Did you know that plating food in the kitchen and serving that pre-portioned plate at the table is called "American" style? "Family" style is when you serve meals from large platters that are placed on the dining table. Pre-plating a child's meal (and an adult's, for that matter) reduces the urge for second helpings and the extra calories that come along with it. Try pre-plating your family's meals in the kitchen and bring only those plates to the table. Hungry for seconds? OK, bring a salad or cut-up raw vegetables to the table to pick at. Chances are, no one will need another helping of the main course.
3. Reduce temptation.
Rarely does it happen that the children do the food shopping for a household. As the parent, it is your responsibility to teach them how to choose healthy snacks. By purchasing appropriate snacks and refusing to purchase the highly processed, calorically-dense, nutrient-deficient junk, the likelihood of a child eating a sleeve of cookies or a bag of fried chips is reduced. Believe it or not, most kids will go for the "easy grab," so leave out a bowl of fruit where they can see it and reach it, or keep one-portion bags of popcorn or pretzels in the pantry for a crunchy treat.
4. Involve them in meal planning.
Kids tend to eat what they have a hand in preparing. Find out what they like to eat, and together you can search for a recipe that is low in fat, sugar and refined grains and high in fiber and nutrients. Then have them help with the cooking! Working together with measuring cups and spoons is a great time to teach about portion sizes.
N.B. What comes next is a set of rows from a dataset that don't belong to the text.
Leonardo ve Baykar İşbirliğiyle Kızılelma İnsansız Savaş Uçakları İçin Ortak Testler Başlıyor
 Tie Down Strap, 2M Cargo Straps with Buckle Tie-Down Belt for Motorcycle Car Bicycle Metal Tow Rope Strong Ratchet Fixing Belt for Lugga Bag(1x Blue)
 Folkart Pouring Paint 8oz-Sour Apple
There are some helpful visuals available to remind you of appropriate portion sizes. Here is a list to guide you and your kids to eat the right amount of food.
5. Just say "No!" to diets and cleanses for children.
When you teach children how to eat right by cooking from scratch, snacking on minimally processed foods and serving appropriate portions, they learn how to eat as a way of life and not as a quick-fix to a weight problem. Even if they are classified as overweight or obese, there is no need to put a child on a diet. Children need nutrients to grow properly. Unless there are food allergies, all food groups should be included in their daily eating plan to get all of the essential nutrients during this crucial period of growth. Diets and cleanses will not provide all that a child needs; real food will.
Obesity is no joke; it is an independent risk factor for heart diseases and diabetes -- diseases that are epidemics in our country. These tips are not only useful for children to avoid these diseases, but for adults as well. Learning how to eat real food in the amount your body needs to maintain its weight for optimal health can benefit people at any age. A Registered Dietitian can help you and your family reduce your risk of obesity. The right way.